I went for a walk in the woods yesterday; my first since it stopped snowing. I can be kind of an idiot – caught up in not-starting and then when finally the meniscus breaks and action inevitably spills over, I think: “WHAT was I waiting for?” While walking in the woods is pleasurable, it was also necessary, and so it happened.
It’s not that I took the Boston Marathon bombings any more personally than any other horrid event I’ve had pass by my from-a-distance perception – and not that I took it less personally. The image of the man in shock in the wheel chair, his legs sharply absent, his artery being held closed by one who had lost a son to war and another to suicide, insisted on staying in my mind. Disturbingly. I’m not sure I think it can be made sense of, but I found myself walking (and aware of walking, on legs and feet) uphill, and down, looking for narrative, for meaning.
Funny, this world – it’s full of Story in its own way, but not necessarily narrative when you expect it. Not necessarily even Lessons or pointers toward Meaning. I started out simply annoyed by what looked cliche and obvious. It’s spring. Life is pushing its way out of the ground, from under layers of dead and decaying leaves. You know this, right? That’s what we’re told the world is showing – that out of death comes life. Yeah, there it was and I was annoyed by it, by the impersonality of it. By the fact that the trees and plants don’t seem mind.

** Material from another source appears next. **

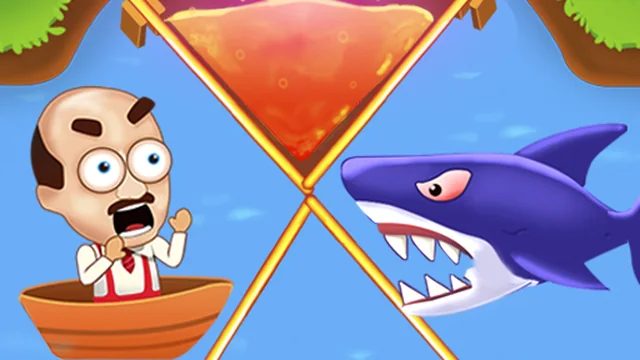 Pull Him Out Save Daddy Game game thumbnail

The tall trees are still bare in most cases and saplings still rusk and clatter with dried, dead, bleached leaves that haven’t been let go. But soon enough they’ll all flush and soften and live again. In and out, live and die. They know it just comes and goes – or they don’t know, they just are the coming and going, even until their lives themselves go from the coming and return from the going.

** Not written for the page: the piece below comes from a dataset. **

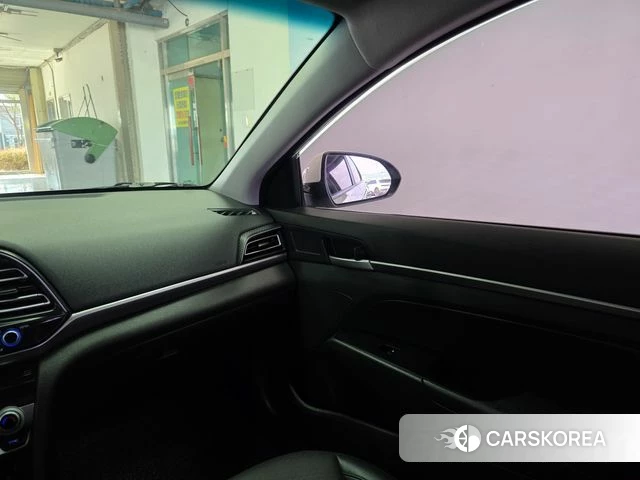 Hyundai The New Avante AD 2020 Белый из Кореи, фото 4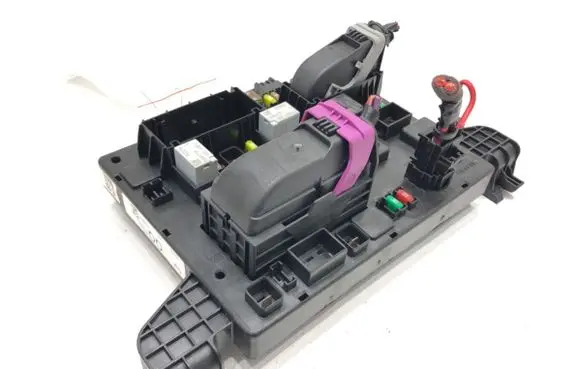 Opel Astra J Other control units/modules 13302301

I don’t know. I tried too, to not look for metaphor. I just walked and remembered what I’d felt a few months ago, that that which fits me absolutely, like my own skin, is my stride. How easily that can be taken from someone.
Wandering with only a vague sense of the direction I wanted to head, I traveled mostly south and a little west. I’d thought, originally, to head for a more southern point of town and catch a bus back to the center then back home. But the closer I got to town and people, the less I wanted to do that so I headed east and away and came upon an old tower. Two Euros and 170 steps later I stood at the top and looked at the view toward home below the rise.
The wind gusted coldly and briefly my thoughts flew outward before settling again in my mind and following the track back home with my steps.
No narrative, no metaphor, just journey outward and back, looking as I go.